* **The problem**
Transcribe the entries below exactly, starting with the line that has "IMAQ AutoMThresholdԶֵ" and stopping after the line that has "Time Since: Multi time counter 7.5.1"; no pictures belong in the copy.

* **Records provided**
------------------------------
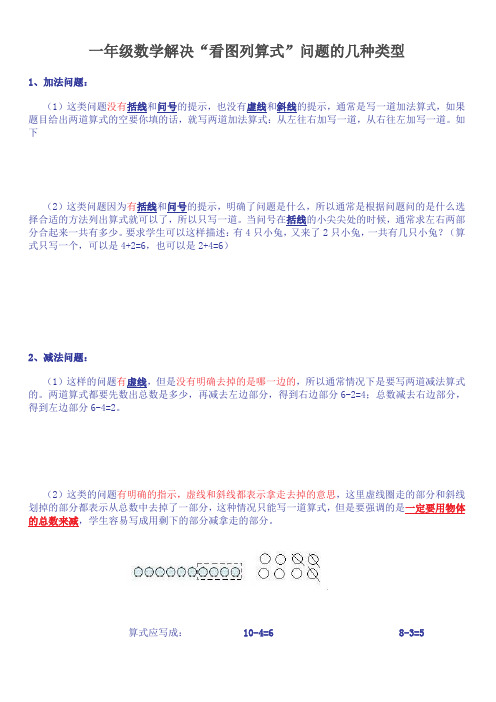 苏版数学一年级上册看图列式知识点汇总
------------------------------
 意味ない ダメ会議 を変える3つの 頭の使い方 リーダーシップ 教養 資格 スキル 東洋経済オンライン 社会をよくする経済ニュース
------------------------------
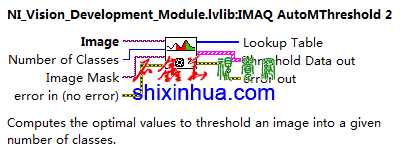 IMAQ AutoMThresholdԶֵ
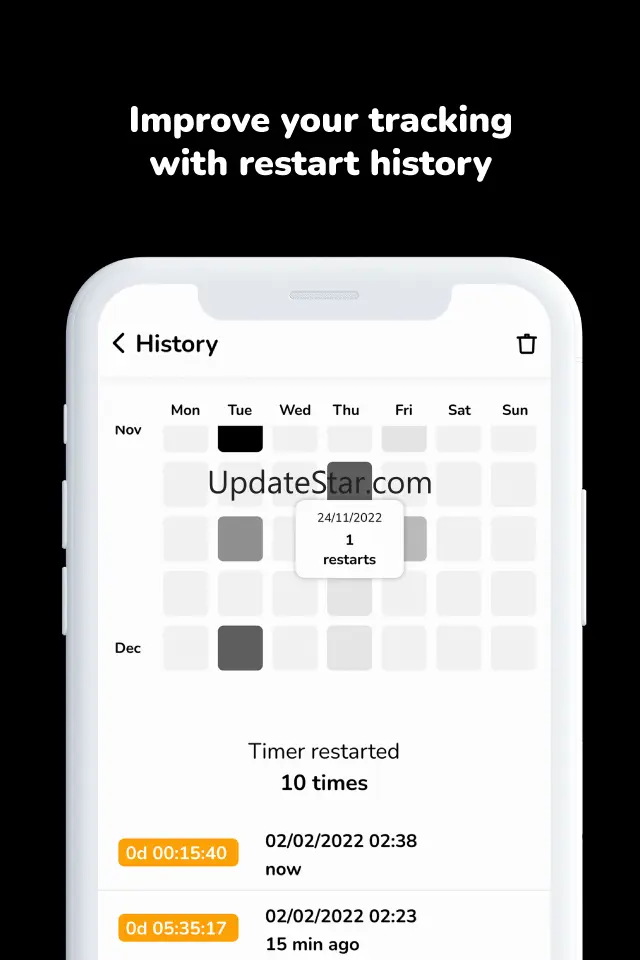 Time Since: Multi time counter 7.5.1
------------------------------
* **Exercise response**
 IMAQ AutoMThresholdԶֵ
 Time Since: Multi time counter 7.5.1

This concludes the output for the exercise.